Segment Start: Records provided
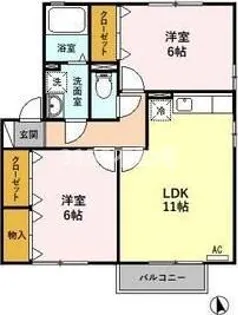 リオグランデ B【2階】の間取り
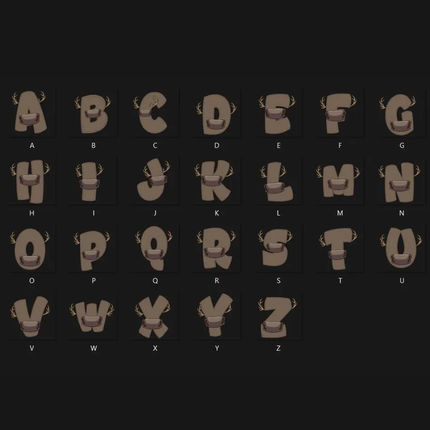 Frozen Doodle Alphabet Letters PNG Bundle Instant Download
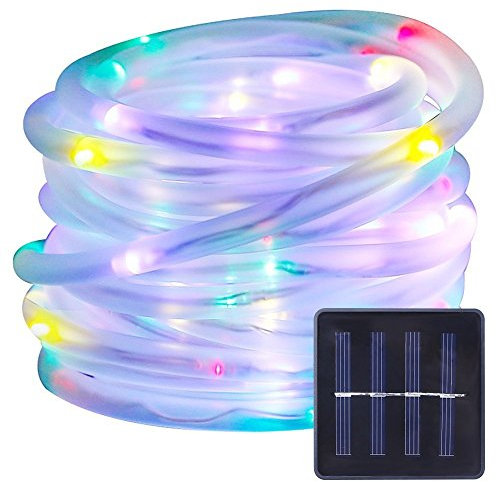BXROIU Solaire Tubes Lumineux 10 Mètres 100LEDs Guirlande Solaire, pour Mariages, Fêtes et Noël, éclairage de Noël (Multicolore)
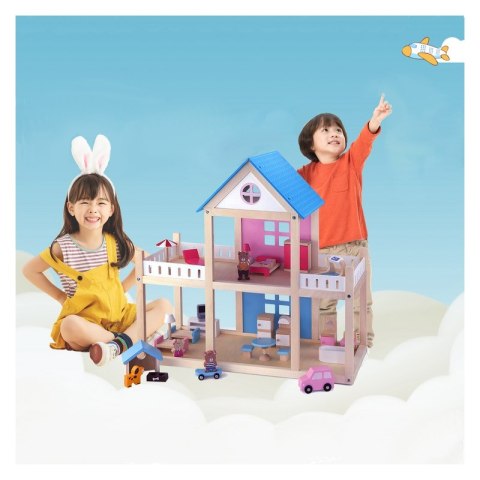 VIGA Drewniany domek dla lalek 4 figurki mebelki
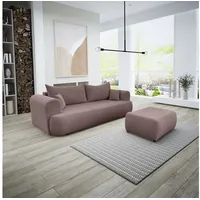 Fun Möbel 3-Sitzer Schlafsofa FUN DILAN 3-Sitzer inkl. Hocker in Stoff Now or Never, inkl. Bettkasten und Polsterhocker, mit Bettkasten rosa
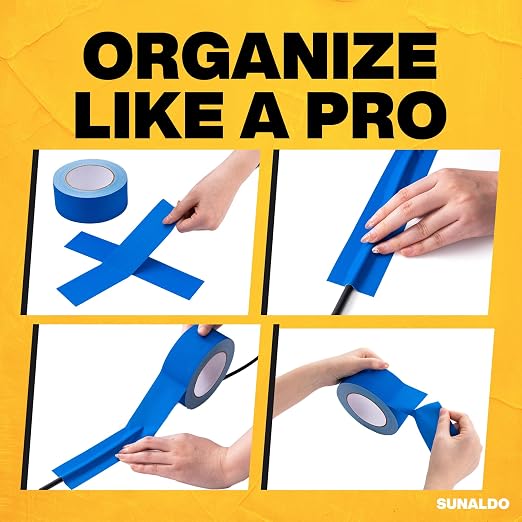 Gaffers Tape Heavy Duty, Easy to Rip, Residue-Free Professional Grade Floor Tape for Electrical Cords, Matte Finish Non Reflective, Weather Resistant (6, Blue, 2" x 30 Yards)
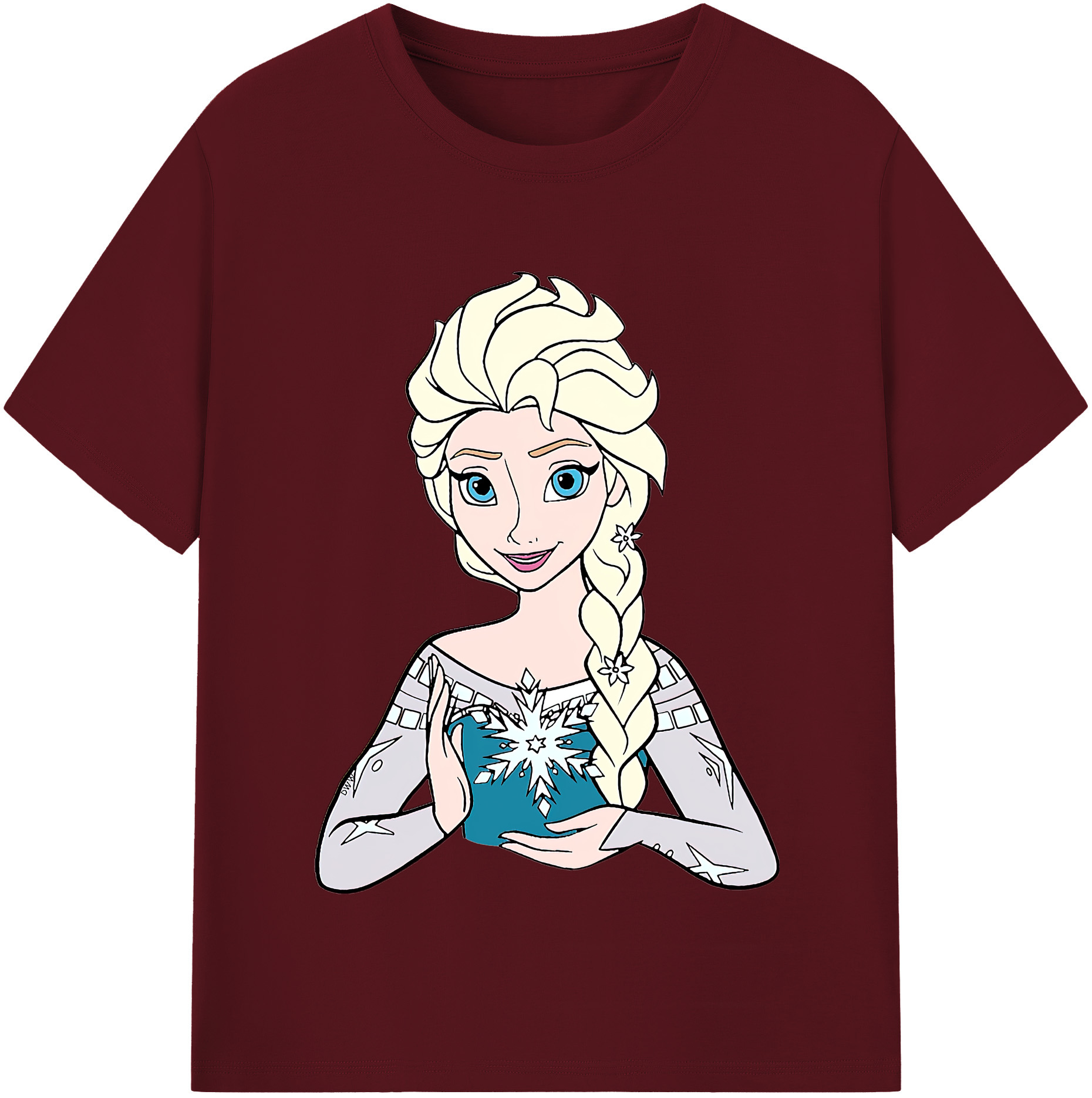 （画像用） アナと雪の女王 アンナ エルサ Frozen Anna Elsa 綿100％半袖Tシャツ（フロントプリント）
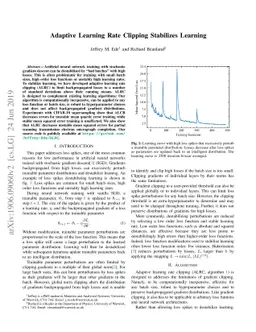Adaptive Learning Rate Clipping Stabilizes Learning
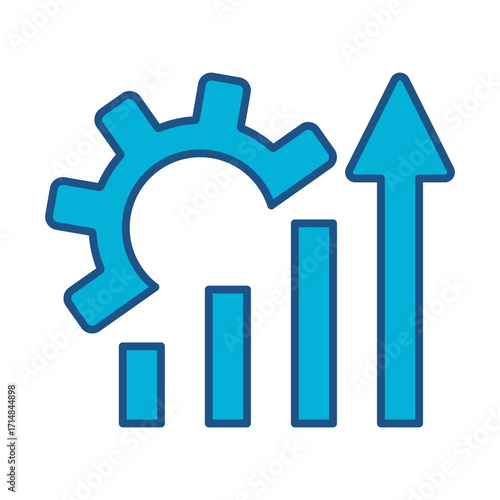 Performance Icon In Blue Monochrome Flat Design, Vector Illustration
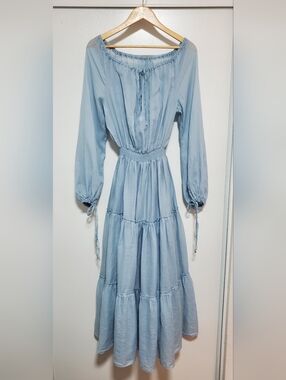 Ralph Lauren Pale Blue Tiered Maxi Dress with Long Sleeves - Ramie Maxi Dress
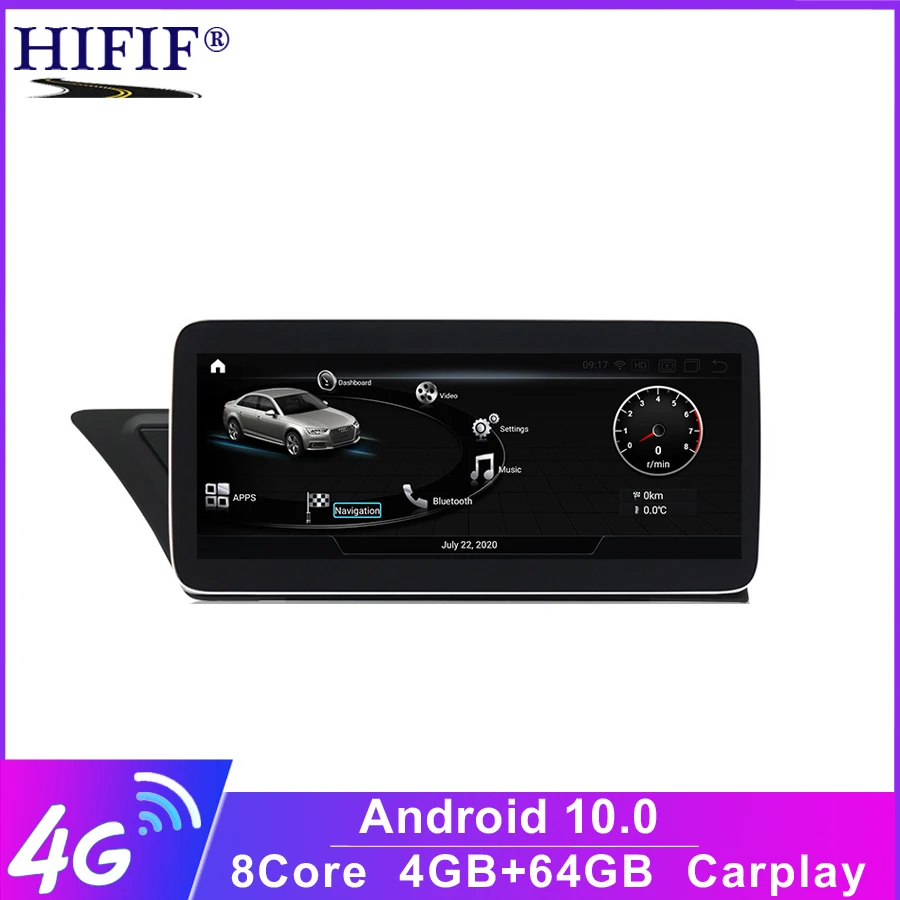 

Carplay10.25” 8 Core Android 10 System Car Stereo For Audi A4 B8 A5 2009-2016 WIFI 4G 4+64GB RAM SWC IPS Touch Screen GPS Navi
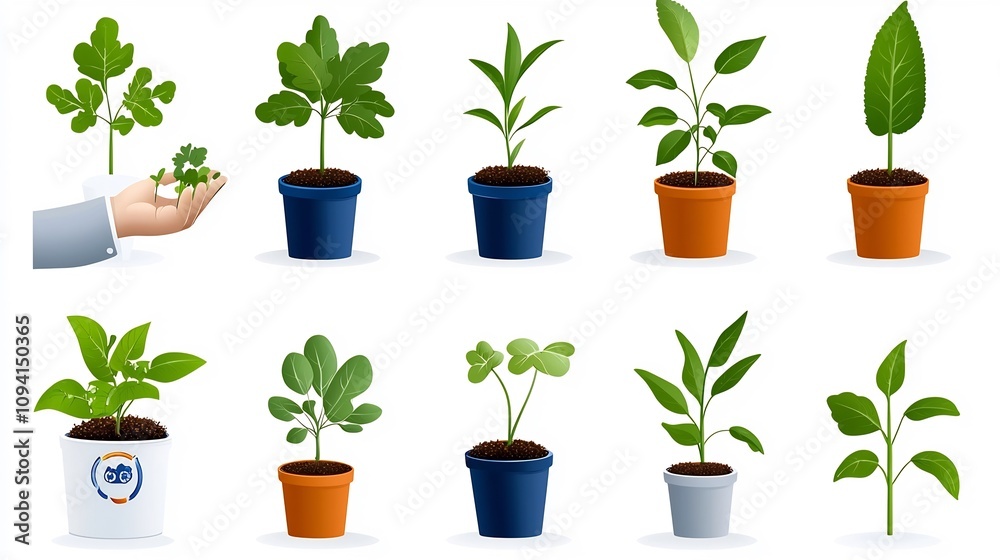 Aufkleber set of 15 minimalist linear icons representing various concepts related to plant growth and gardenin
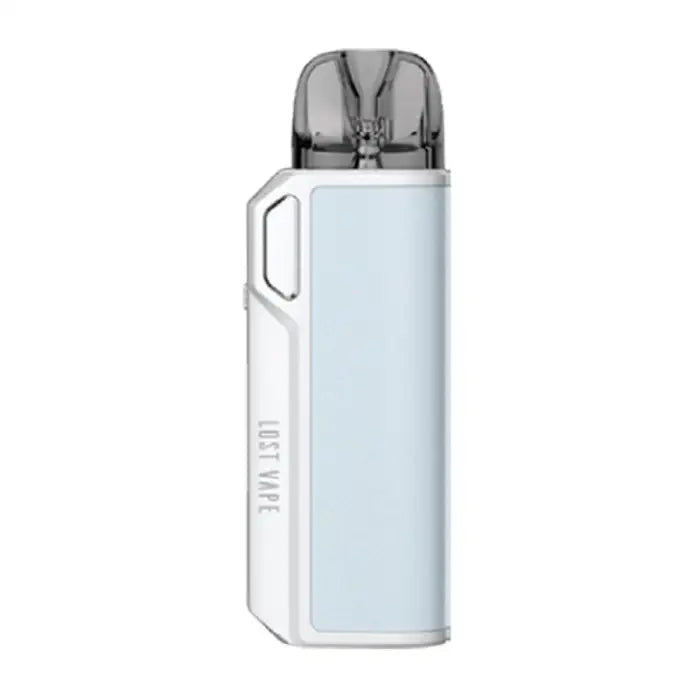 Sleek, light blue and white electronic vaping device with a transparent mouthpiece.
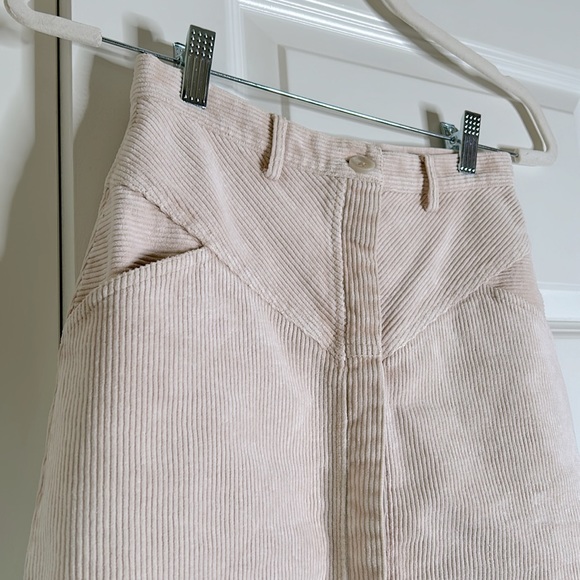 Corduroy mini skirt button front closure pockets belt loop high waist - Picture 3 of 5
Segment End: Records provided
Action item —
Could you set down every entry again exactly as written, leaving out any pictures?

Task solution —
 リオグランデ B【2階】の間取り
 Frozen Doodle Alphabet Letters PNG Bundle Instant Download
BXROIU Solaire Tubes Lumineux 10 Mètres 100LEDs Guirlande Solaire, pour Mariages, Fêtes et Noël, éclairage de Noël (Multicolore)
 VIGA Drewniany domek dla lalek 4 figurki mebelki
 Fun Möbel 3-Sitzer Schlafsofa FUN DILAN 3-Sitzer inkl. Hocker in Stoff Now or Never, inkl. Bettkasten und Polsterhocker, mit Bettkasten rosa
 Gaffers Tape Heavy Duty, Easy to Rip, Residue-Free Professional Grade Floor Tape for Electrical Cords, Matte Finish Non Reflective, Weather Resistant (6, Blue, 2" x 30 Yards)
 （画像用） アナと雪の女王 アンナ エルサ Frozen Anna Elsa 綿100％半袖Tシャツ（フロントプリント）
Adaptive Learning Rate Clipping Stabilizes Learning
 Performance Icon In Blue Monochrome Flat Design, Vector Illustration
 Ralph Lauren Pale Blue Tiered Maxi Dress with Long Sleeves - Ramie Maxi Dress

Carplay10.25” 8 Core Android 10 System Car Stereo For Audi A4 B8 A5 2009-2016 WIFI 4G 4+64GB RAM SWC IPS Touch Screen GPS Navi
 Aufkleber set of 15 minimalist linear icons representing various concepts related to plant growth and gardenin
 Sleek, light blue and white electronic vaping device with a transparent mouthpiece.
 Corduroy mini skirt button front closure pockets belt loop high waist - Picture 3 of 5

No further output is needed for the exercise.